AJC > Sports > Thrashers > Blog > Archives > 2008 > June > 10
Tuesday, June 10, 2008
One down, five to go
The Atlanta Journal-Constitution
Today’s announcement that Ron Wilson will coach the Toronto Maple Leafs means the musical chairs game has begun. It’s a two-sided game: Some coaches will be left without jobs, and some franchises will be left without a coach they might have wanted.
There are still five NHL teams with openings (Thrashers, Panthers, Sharks, Lightning, Senators), and to some extent they’re competing over the same candidates and the candidates are competing for more than one potential job. But the teams are different, and they’re looking for different things, and they have different rosters and different amounts of money they’re willing to pay. They also have different GMs.

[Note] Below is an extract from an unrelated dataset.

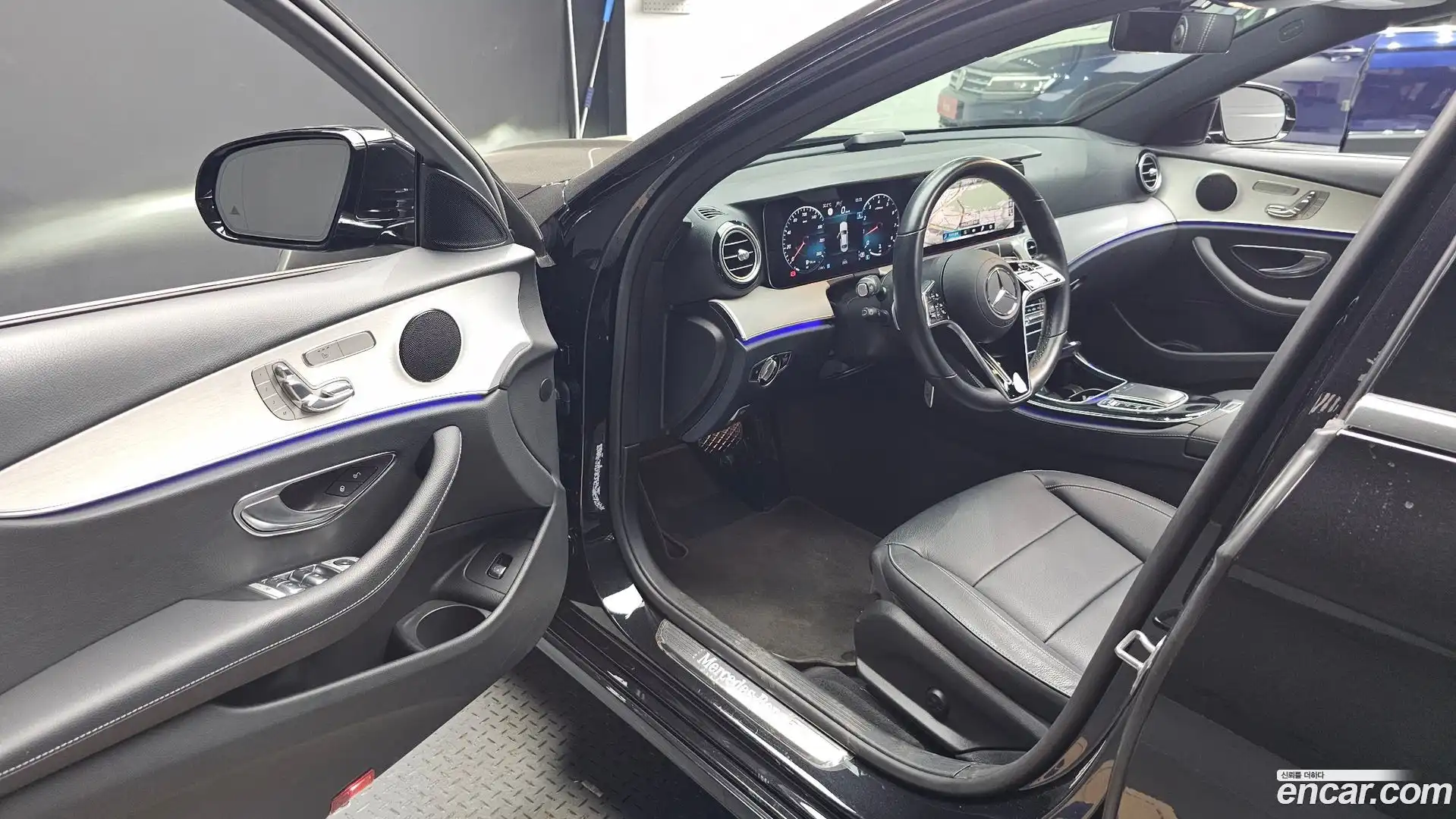E-Class Mercedes-Benz 2021.4-INNER-010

I asked Thrashers general manager Don Waddell about that last part. How will his situation affect whom he can hire? “It doesn’t affect it at all,” he said. Despite what you might have read or heard elsewhere, Waddell said, he isn’t going to be kicked upstairs. He’s not “giving up the general manager title or responsibilities.”

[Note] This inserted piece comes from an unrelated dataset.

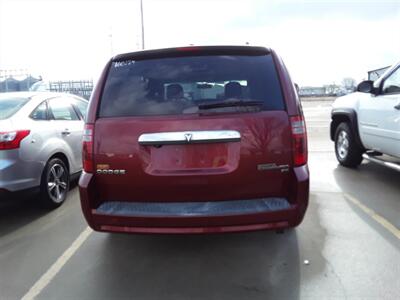 2010 Dodge Grand Caravan Hero   - Photo 11 - De Witt, IA 52742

“I’m free to hire whoever I want to hire,” he said, and “the term of the contract is wide open.” The length will be whatever is appropriate for the coach being hired and won’t be limited because of any upcoming changes in the GM position, he said.

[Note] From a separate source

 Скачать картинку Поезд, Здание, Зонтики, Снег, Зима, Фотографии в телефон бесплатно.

Back to Ron Wilson for a second. Wilson and Waddell have strong ties, but I think it’s a leap to extrapolate from that the idea the Thrashers could have hired Wilson. I don’t know all the financial numbers, but Toronto ranked fifth in the league in attendance, and the Thrashers ranked 22nd. Toronto is the NHL’s wealthiest team by ticket revenue, according to a story in The Star, which also says the Thrashers are among the poorest. And Wilson was born in Windsor, not Marietta.